By: Mariah Williams, written in 2013
The room is freezing, the stench of sterilized tools permeating the air. Bodies. Bodies everywhere. Some under blankets, shielding themselves from the cold. Some with their eyes glazed over to the wall. Others’ attention diverted to the personal televisions beside each chair. The nurses are in all pretty cheerful and attentive, paying special attention to the patients. I am glad to see this, especially since this room is where many spend a majority of their life, attached to a machine that will ultimately keep them alive or keep their conditions from worsening.

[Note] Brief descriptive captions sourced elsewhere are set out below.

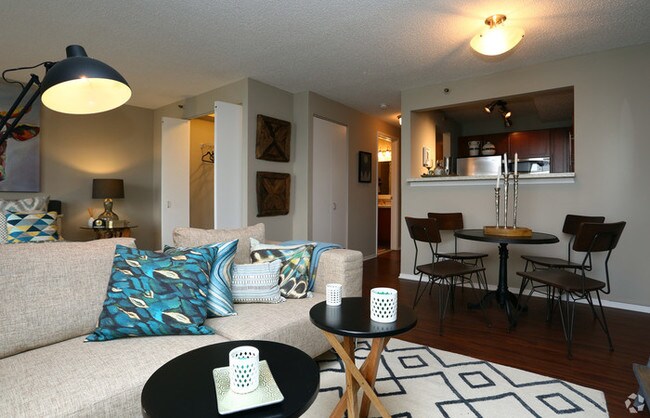 Building Photo - Huge 1 Bedroom in The Heart of Everything!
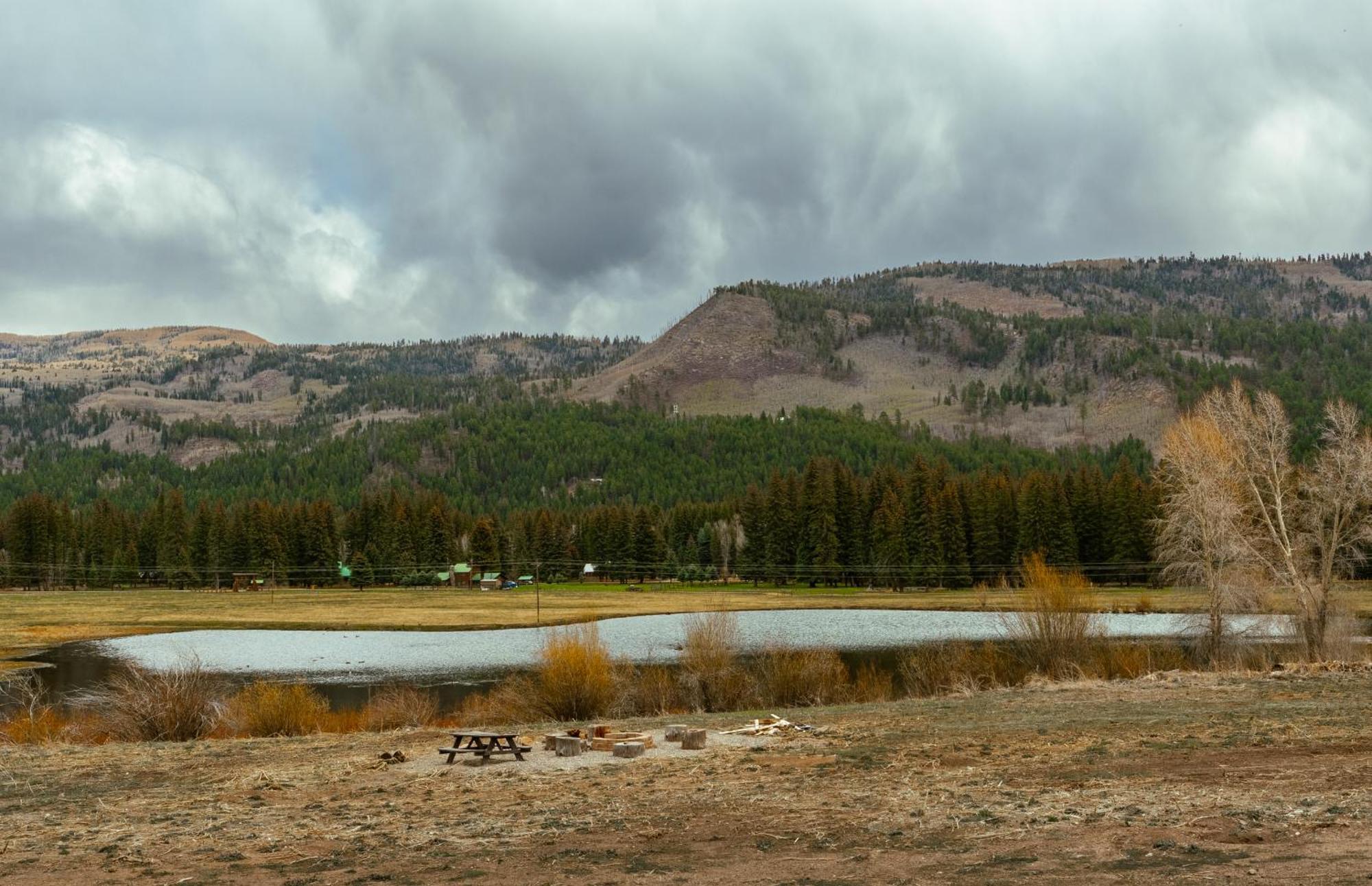 Bear Paw Lodge & Vacation Homes Vallecito Exterior photo
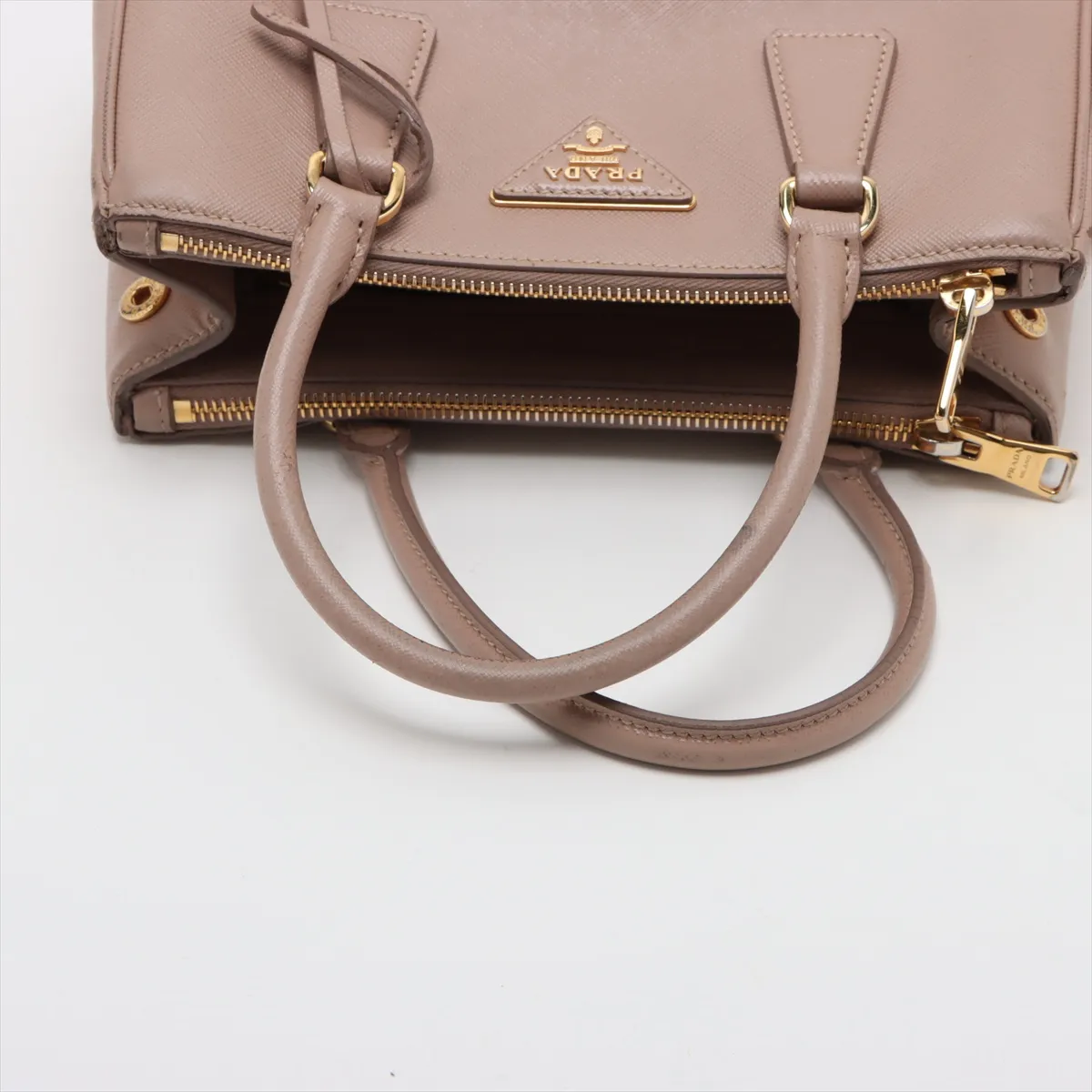 Saffiano Luxe Leather 2WAY Handbag Beige 1BA896 — view 5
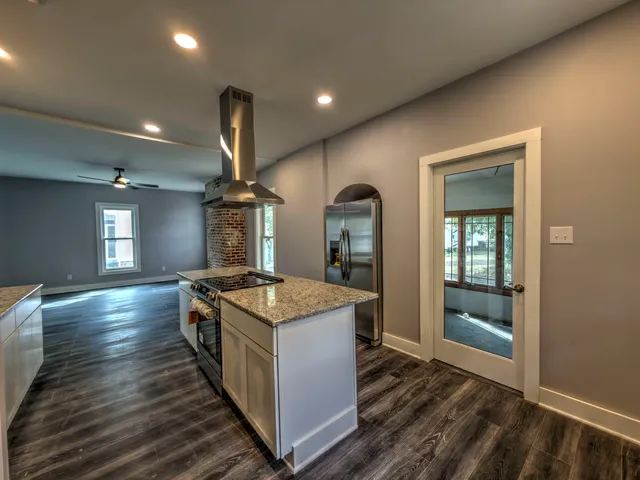 $239,900 | 623 South 4th Street, Watseka, IL 60970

My mother is one of the patients who receives dialysis in this room, attached to a machine 3 times a week. On this day I accompanied her, one, because I had nothing else to do and more importantly because I can not imagine what it must be like to have a machine consume ones life for 3 times a week. So I go to keep her company, hoping that our conversations will help the 3 and a half and sometimes 4 hours pass more quickly.
Age is not a factor in this room. People both young and old sit and wait for a nurse to hook them up to the dialysis machine. I do not know what I expected to walk in to but I am surprised by the overall vibe of the room. Its not somber but not particularly perky. It just is, I suppose because patients have forced themselves to get used to life on dialysis, scheduling their other daily needs around the machine.
I don’t think anyone can truly imagine what it’s like to live on a machine, unless they have to. I seldom ask my mother how it feels to be on dialysis because I’d rather not know and I don’t want her to have to describe it. But as I am not one to dwell on the seemingly negative, I echo my last post “No Fear, All Faith” and I can imagine that the patients in and out of this room have to have a lot of it in order to continue to come back day in and day out. Quite frankly, even I have faith in the machine doing so much to help my mothers health.